*Exercise goal*. Transcribe exactly, and only, the lines that fall between the line containing "Rabbit Butterfly-Themed Comfortable" and the last line of the material, both ends included, omitting any pictures.

*Information provided*.
▽

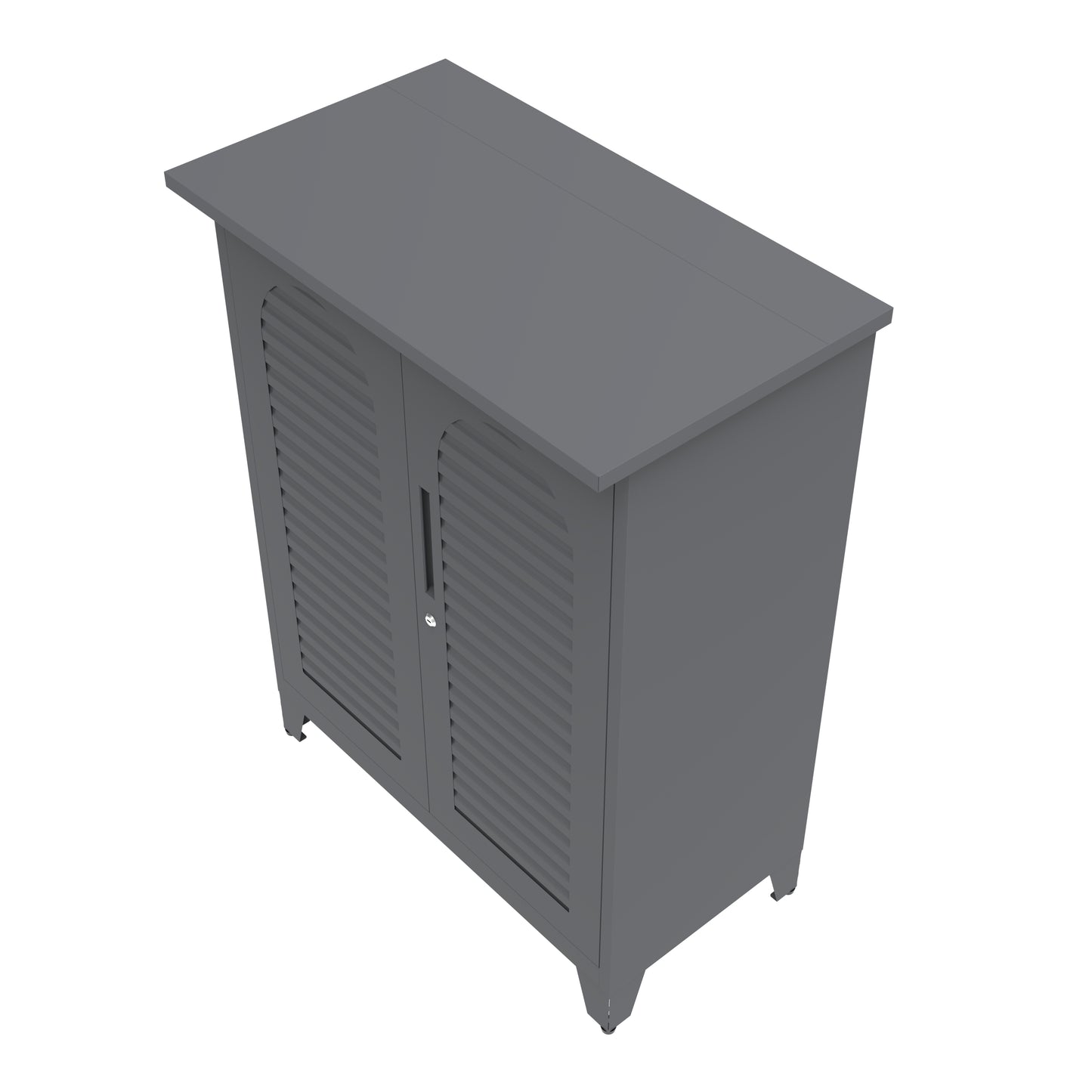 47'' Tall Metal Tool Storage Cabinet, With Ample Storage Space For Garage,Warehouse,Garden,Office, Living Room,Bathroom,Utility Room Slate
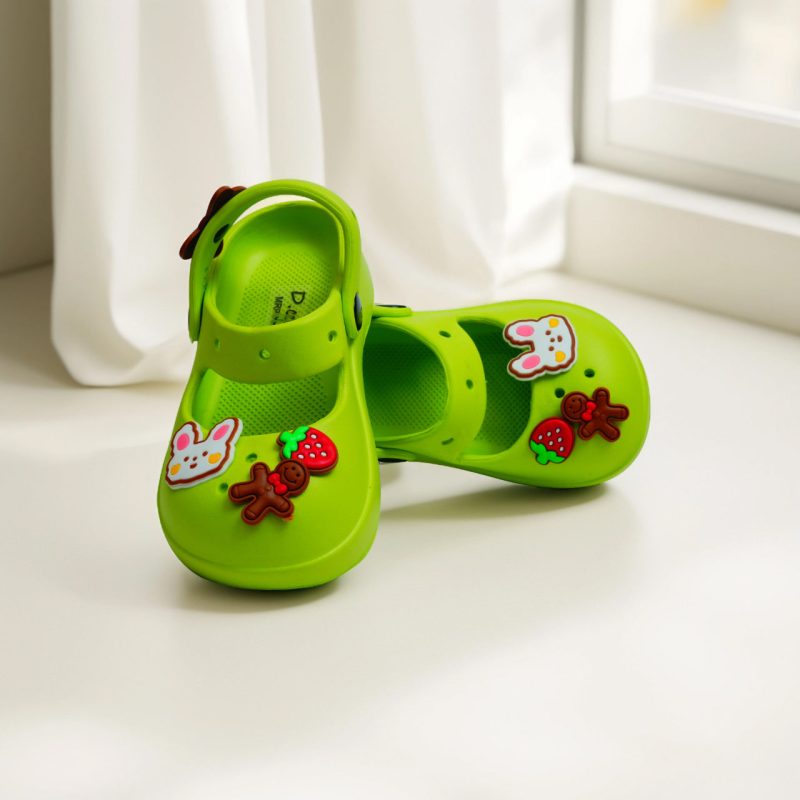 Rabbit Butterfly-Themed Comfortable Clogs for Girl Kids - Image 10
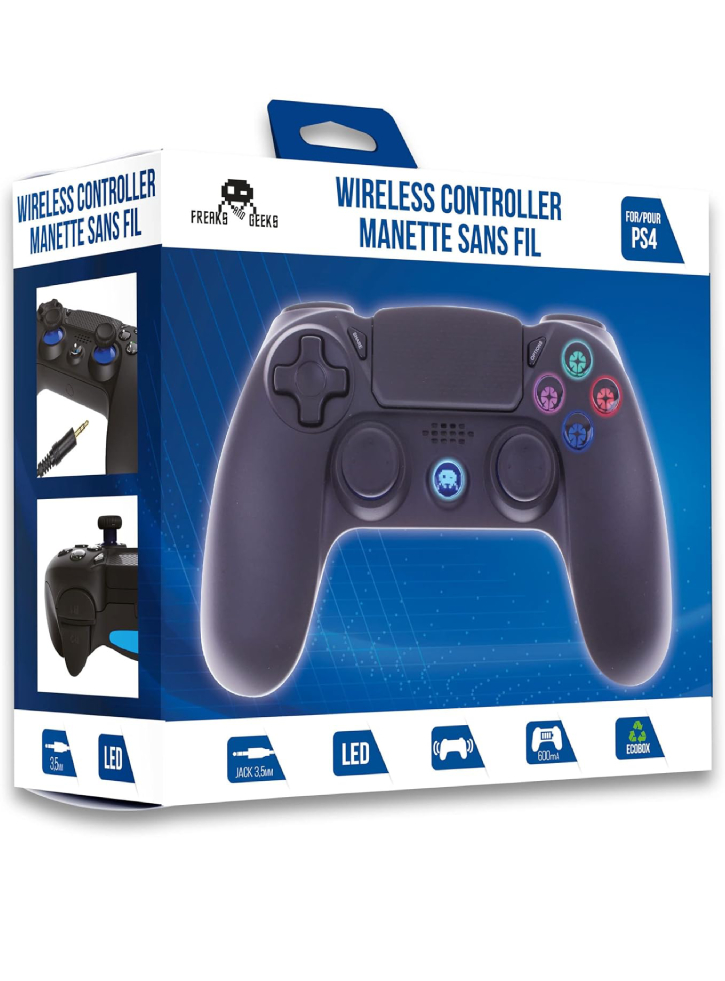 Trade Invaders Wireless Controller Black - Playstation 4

△

*Output for this task*.
 Rabbit Butterfly-Themed Comfortable Clogs for Girl Kids - Image 10
 Trade Invaders Wireless Controller Black - Playstation 4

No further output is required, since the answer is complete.